Space for disappointment
This #thankyouthursday, I am grateful for space for disappointment.
I could just say I’m grateful for disappointment, but that’s not how I feel. And while—thank goodness—we definitely do NOT have to FEEL grateful in order to SAY we are grateful and thus receive the benefits of expressing gratitude, I still prefer to mean what I’m saying on #thankyouthursday.

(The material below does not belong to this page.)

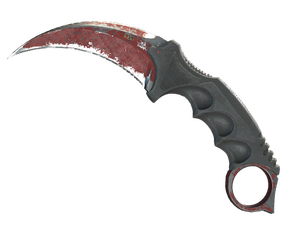 ★ StatTrak™ Karambit | Crimson Web (Battle-Scarred)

And I can’t say I’m feeling grateful for disappointment. For me, disappointment feels pretty awful. In fact, it feels like the more hopeful (aka vulnerable) I allow myself to be, the more the disappointment stings.*
*My therapist friend assures me this is not true; she says disappointment stings the same whether or not we first have hope. And maybe she’s right, but as a chronically hopeful person, I wouldn’t know.
So, yeah, today I don’t feel grateful for disappointment itself. However, I am easily, deeply grateful for the space I can allow for disappointment. I don’t have to deny or diminish my pain, nor do I have to intensify or dwell on it. I can just…wait. Be with it. Give it some space.
By now you have probably concluded that I have experienced some disappointment this week. True! And it has sucked. But I have given it space. I have allowed my feelings to swell and subside; I have let myself go along for the ride. Some time has passed. The sting is fading. The space is remaining. The gratitude is growing.